= Diocesan governor (Norway) =

The diocesan governor (Stiftamtmann) was the head government official that oversaw the civil administration within a diocese in the Kingdom of Denmark-Norway and later in Norway. The bishop of the diocese oversaw the religious administration in the diocese and together, the two officials were the highest officials in the diocese, reporting directly to the king.

Each diocese typically was made up of several counties which were led by a county governor (amtmann). The diocesan governor oversaw all the county governors within the diocese. The diocesan governor was the king's representative in the diocese, and their job was to ensure that the king's orders and laws were obeyed. The diocesan governor was also to make sure that the bishop of the diocese did not succumb to heresy or other problems.

Often, but not always, the diocesan governor also simultaneously held the role of county governor for one of the diocese's counties. The diocesan governor of Kristiania was often called the vice-stadholder, meaning he was just below the rank of the stadholder who was the governor-general of Norway. The diocesan governor of Kristiania stood slightly higher in rank than the other diocesan governors in Norway.

In Norway, there traditionally were four diocesan governors starting in the late 1600s, but in the mid-1800s, there were two more dioceses created, so two more diocesan governors were added.

- Diocesan Governor of Kristiania (1664-1918). This governor was based in Kristiania and oversaw the entire Diocese of Kristiania. It was historically called the Diocese of Aggershuus (1664–1843) and Diocese of Christiania (1843–1877). This governor oversaw the counties of Akershus amt, Buskerud amt, Kristiania amt, Smaalenenes amt, and Jarlsberg og Larvik amt (prior to 1864, it also included Hedemarkens amt and Kristians amt).

- Diocesan Governor of Bergen (1660–1918). This governor was based in Bergen, oversaw the entire Diocese of Bergen. This governor oversaw the counties of Nordre Bergenhus amt, Søndre Bergenhus amt, Bergen amt, and part of Romsdalen amt (prior to 1844, it also included Finmarkens amt, Nordlandenes amt, and Tromsø amt).

- Diocesan Governor of Kristiansand (1669–1918). This governor was based in Kristiansand, oversaw the entire Diocese of Kristiansand. Historically, this diocese was based in the city of Stavanger from 1669–1681, when it was known as the Diocese of Stavanger. In 1662, the diocese was renamed as the Diocese of Christianssand and its headquarters were moved to the town of Christianssand. In 1870, the spelling was changed to Kristiansand. This governor oversaw the counties of Bratsberg amt, Lister og Mandals amt, Nedenæs amt, and Stavanger amt.

- Diocesan Governor of Trondhjem (1687–1918). This governor was based in Trondheim, oversaw the entire Diocese of Trondhjem.
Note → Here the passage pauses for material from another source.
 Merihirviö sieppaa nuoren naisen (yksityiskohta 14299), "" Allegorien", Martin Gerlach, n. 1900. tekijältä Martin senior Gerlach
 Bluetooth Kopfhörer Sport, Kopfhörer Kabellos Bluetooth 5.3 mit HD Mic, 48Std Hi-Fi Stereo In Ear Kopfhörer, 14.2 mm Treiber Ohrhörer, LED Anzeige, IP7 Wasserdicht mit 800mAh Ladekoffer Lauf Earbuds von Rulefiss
This governor oversaw the counties of Nordre Trondhjems amt, Søndre Trondhjems amt, and part of Romsdalen amt.

- Diocesan Governor of Tromsø (1844–1918). This governor was based in Tromsø, oversaw the entire Diocese of Tromsø. This governor oversaw the counties of Finmarkens amt, Nordlandenes amt, and Tromsø amt.

- Diocesan Governor of Hamar (1864–1918). This governor was based in Hamar, oversaw the entire Diocese of Hamar. This governor oversaw the counties of Kristians amt and Hedemarkens amt.

Over time, the overarching role of the diocesan governor lost some of its significance and in administrative reforms in 1918, the job was abolished effective on 1 January 1919. During this reform, the county governors were re-named as fylkesmann.